Instructions to follow: Please repeat, exactly as written, every line from the one containing "Forma reciente y" through the last line of the records, both included, and leave out any pictures.

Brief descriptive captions
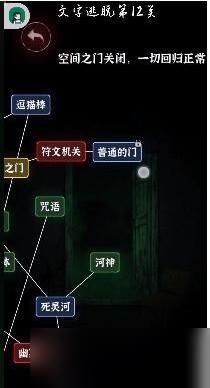 文字逃脱第十二关攻略-第十二关亡灵之地怎么过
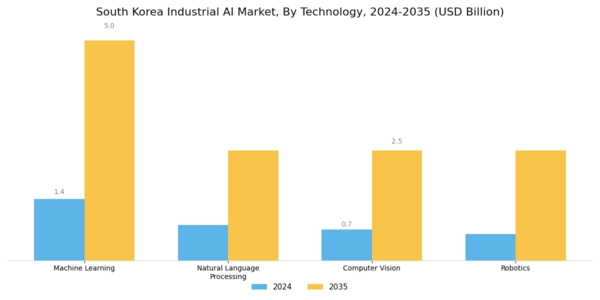 South Korea Industrial AI Market Segment Image 2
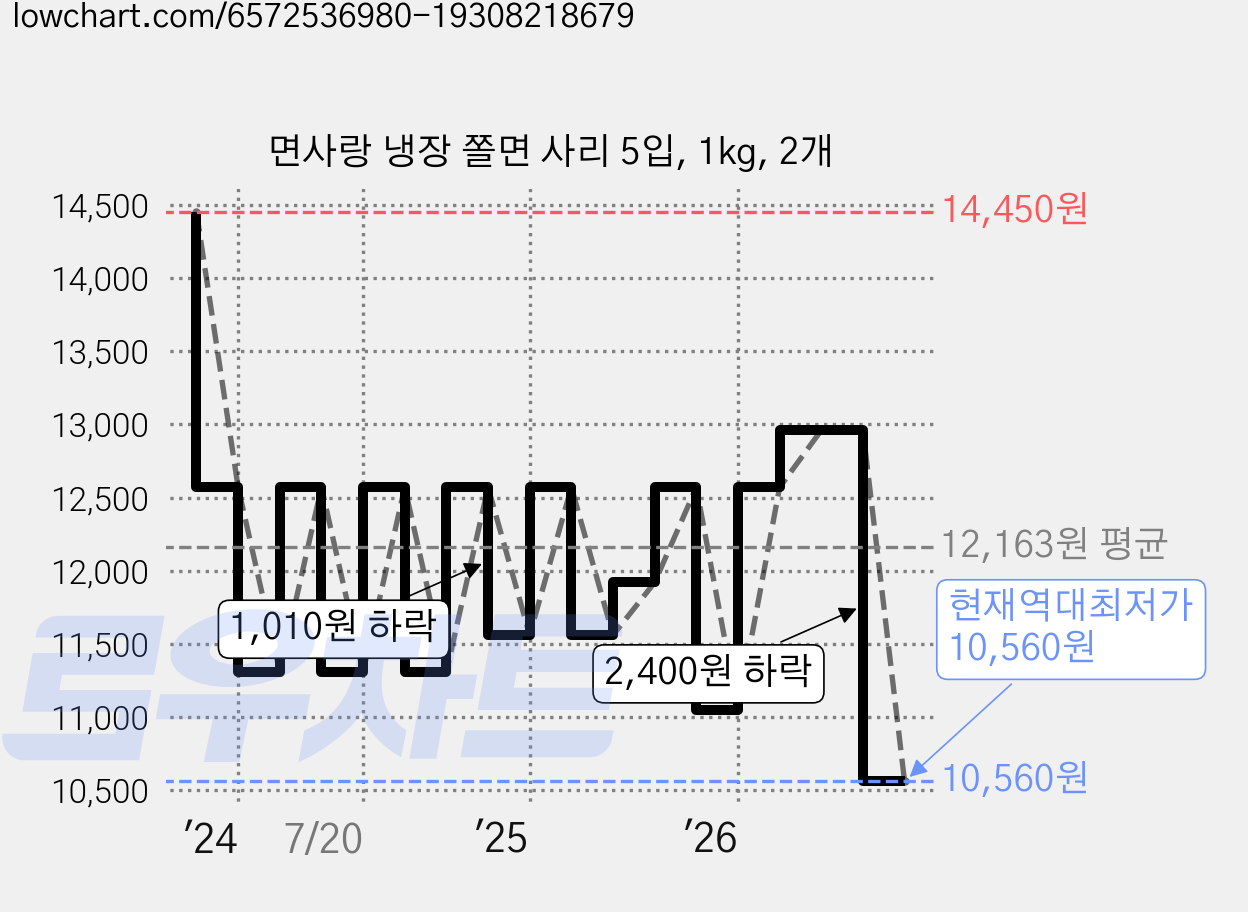 면사랑 냉장 쫄면 사리 5입, 1kg, 2개 가격 변동 차트, 현재가 10,560원, 역대최저가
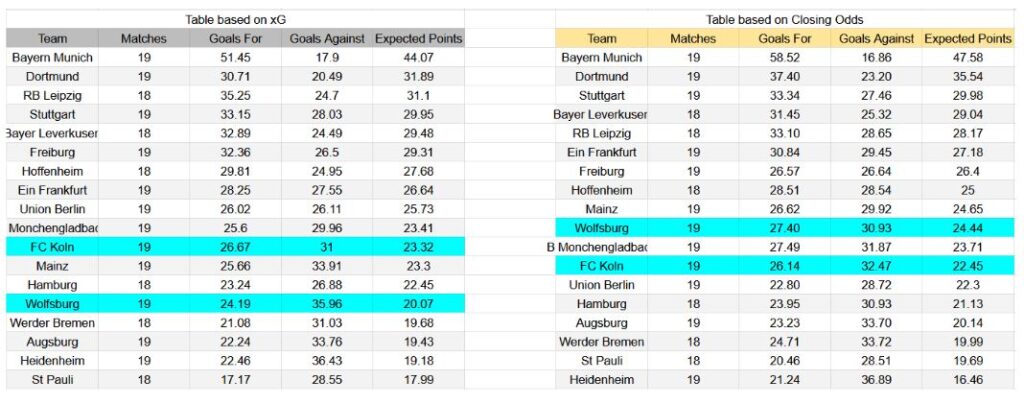 Forma reciente y análisis xG FC Köln contra Wolfsburg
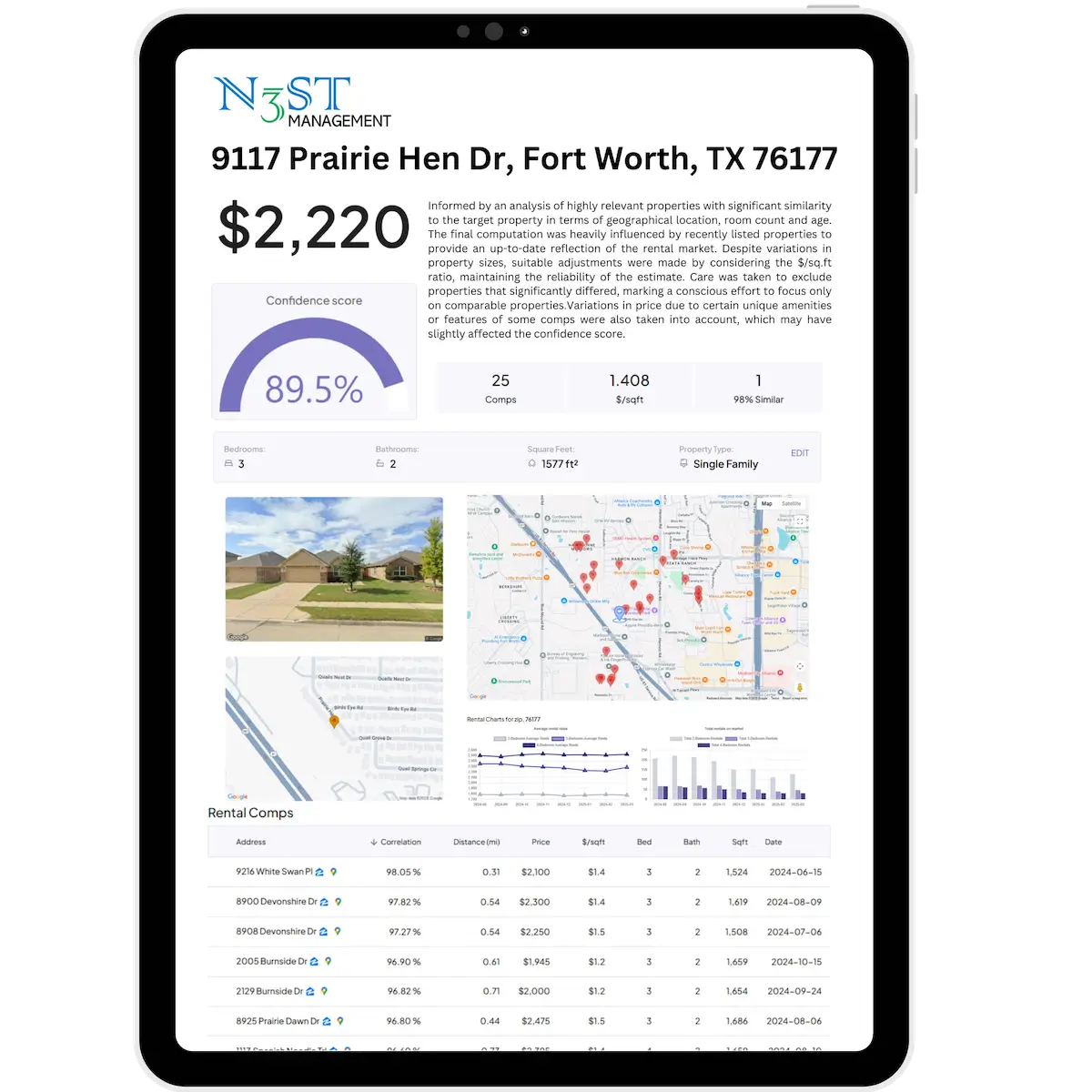 Rent Analysis Report Sample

Output below:
 Forma reciente y análisis xG FC Köln contra Wolfsburg
 Rent Analysis Report Sample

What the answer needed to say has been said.